▶ _RECORDS FOR THE EXERCISE_:
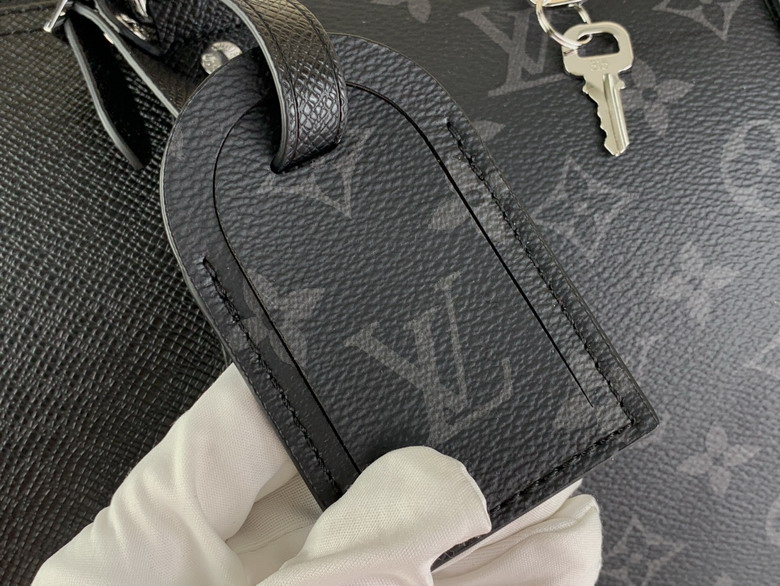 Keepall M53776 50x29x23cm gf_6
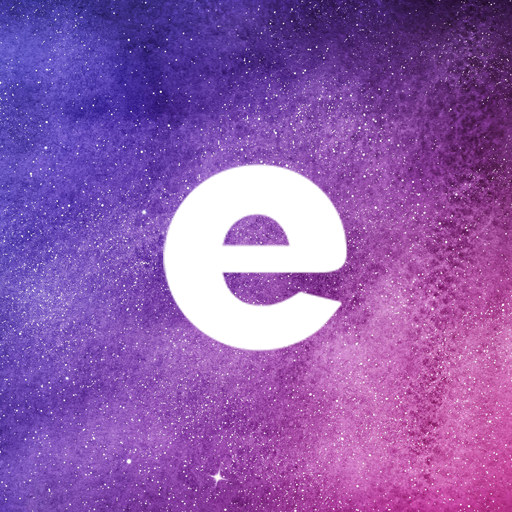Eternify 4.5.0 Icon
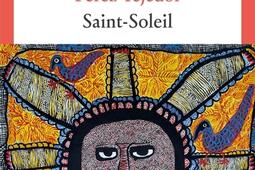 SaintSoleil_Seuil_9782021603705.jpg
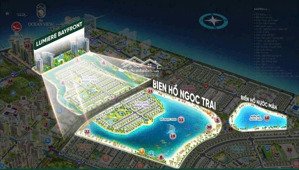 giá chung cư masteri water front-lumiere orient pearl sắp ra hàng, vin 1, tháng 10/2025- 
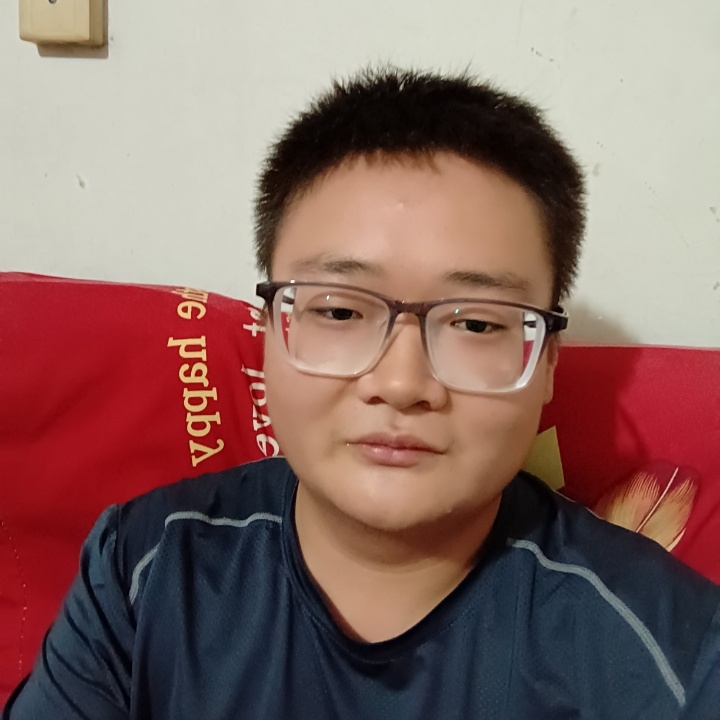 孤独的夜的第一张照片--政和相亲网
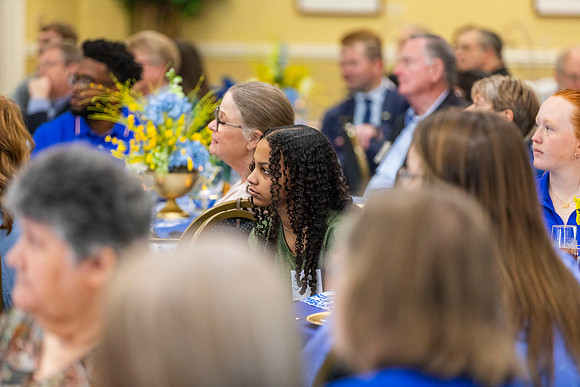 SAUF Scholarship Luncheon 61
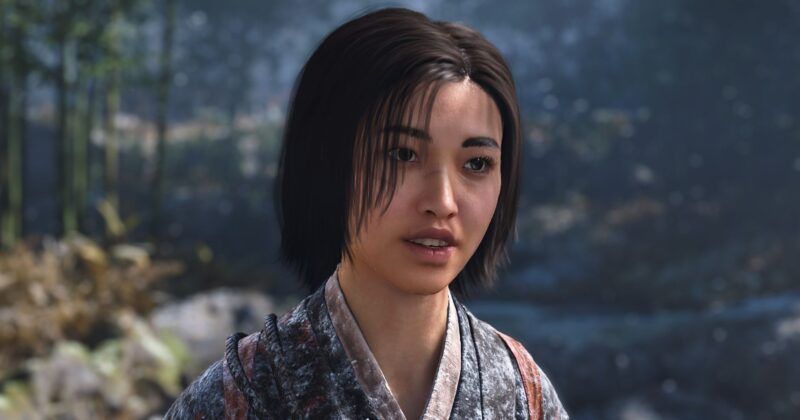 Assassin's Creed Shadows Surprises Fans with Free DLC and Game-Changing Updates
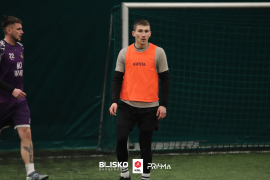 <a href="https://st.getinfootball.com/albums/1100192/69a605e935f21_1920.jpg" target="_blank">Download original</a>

* * *

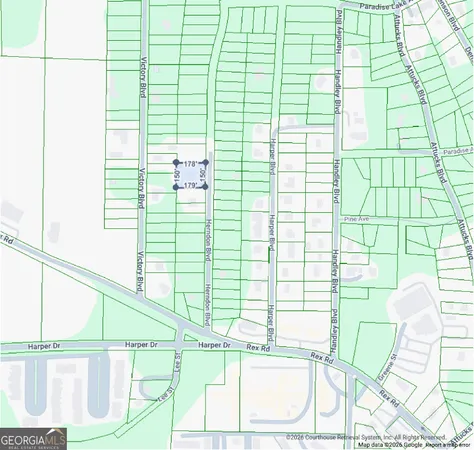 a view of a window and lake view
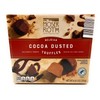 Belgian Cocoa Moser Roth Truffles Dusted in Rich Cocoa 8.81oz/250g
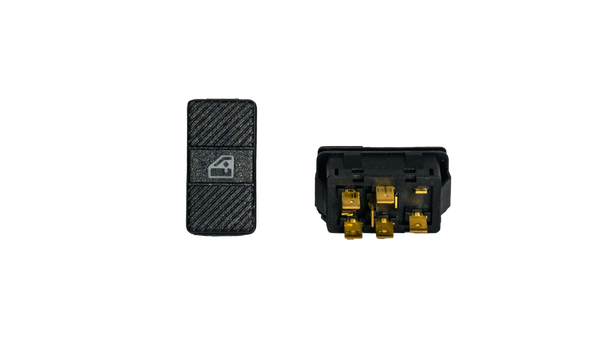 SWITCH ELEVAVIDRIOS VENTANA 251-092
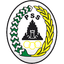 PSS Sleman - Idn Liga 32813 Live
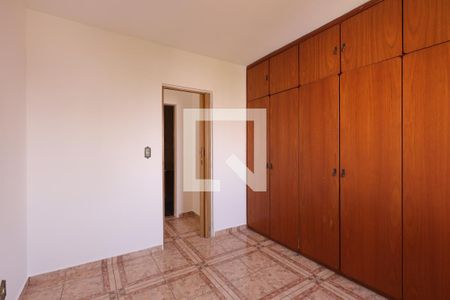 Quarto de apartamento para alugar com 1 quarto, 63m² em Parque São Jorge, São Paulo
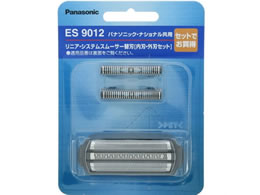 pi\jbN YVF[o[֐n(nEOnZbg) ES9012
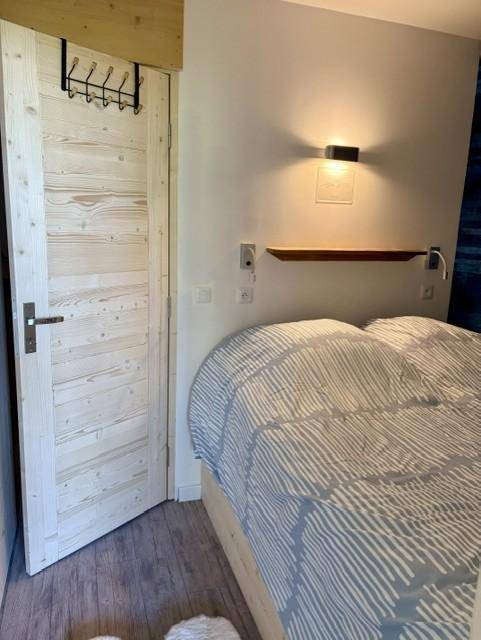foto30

...

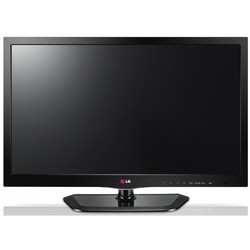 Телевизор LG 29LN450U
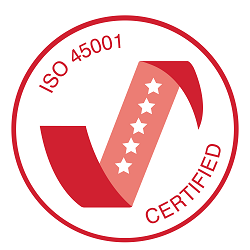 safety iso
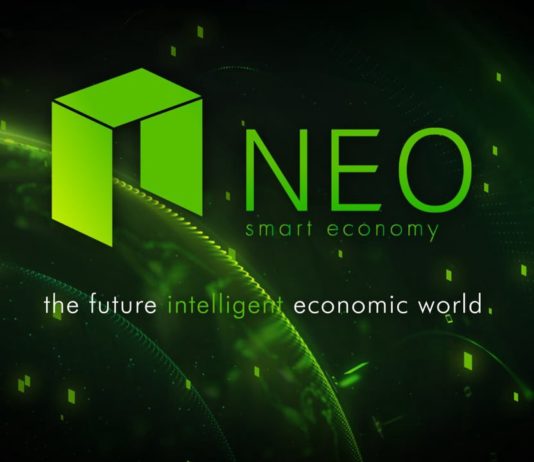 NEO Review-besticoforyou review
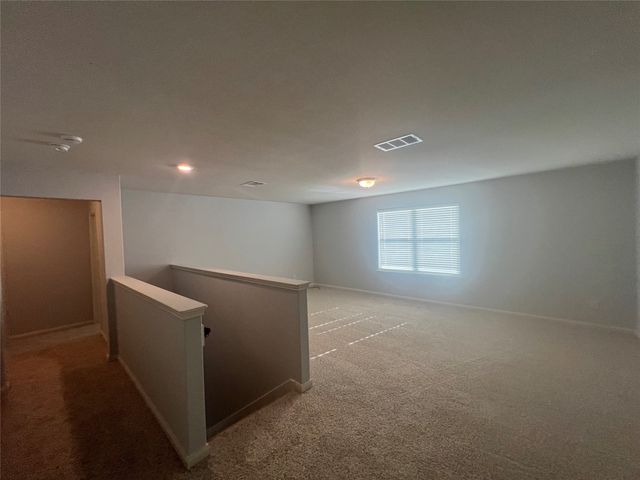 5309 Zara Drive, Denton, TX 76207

▶ _WORK REQUEST_: Word for word, write out the lines above running from the one with "Телевизор LG 29LN450U" up to and including the one with "5309 Zara Drive, Denton, TX 76207". Drop any picture.

▶ _EXERCISE ANSWER_:
 Телевизор LG 29LN450U
 safety iso
 NEO Review-besticoforyou review
 5309 Zara Drive, Denton, TX 76207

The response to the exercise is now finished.